I responded that the judges in Malibu Court were relatively fair and, unlike many others, would give him neither favorable treatment nor would they "make an example" of him. Then what kind of a jail sentence would he likely get, the reporter wanted to know. Well, that can't be predicted with certainty, but in my experience a first offender in Malibu with a .12% blood-alcohol and no prior conviction (Mr. Gibson's arrest in Toronto was 20 years ago and, in any event, was dismissed) would probably not get any jail time; he would basically get a fine, DUI school, suspended license and probation.
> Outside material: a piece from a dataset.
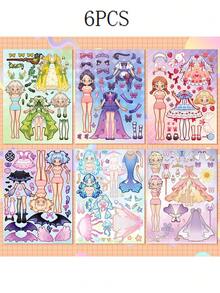 Pegatinas reutilizables: Set de 6/12 pegatinas únicas de princesas de dibujos animados para diversión de vestir - Apto para mayores de 14 años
Certainly, his apologies and voluntary submission to rehabilitation would weigh in his favor.
But what about the anti-semitic remark? the reported continued. And the sexist statement?
I was a bit taken aback by those queries. Of what possible relevance are ignorant remarks to the issue of whether a suspect has .12% blood alcohol in his system? I asked him what he meant.
Well, he replied, won't there be some jail time for saying things like that?
I was slightly depressed for awhile after that interview. But then, I thought, maybe this reporter wasn't really expressing the prevailing view in this country. Then this morning I read a news story on CNN's website:
DA Considers Gibson DUI Charges
LOS ANGELES, August 1 (AP) — Sheriff's Department officials sent prosecutors their drunken-driving case against Mel Gibson, including an official report that verifies the actor made anti-Semitic and sexist remarks, a law enforcement official said Monday…
The Sheriff's Department, spokesman Steve Whitmore said, was "convinced because of our investigation and because of his own self-illuminating statement that he will be convicted of driving under the influence."
So not only should he do jail time for making a bigoted remark, but such a "self-illuminating statement" ensures a conviction? Now, Mr. Gibson may well be guilty based upon the evidence, but when did we start convicting people and throwing them in jail for being prejudiced? And who among us can truly say we are without prejudice?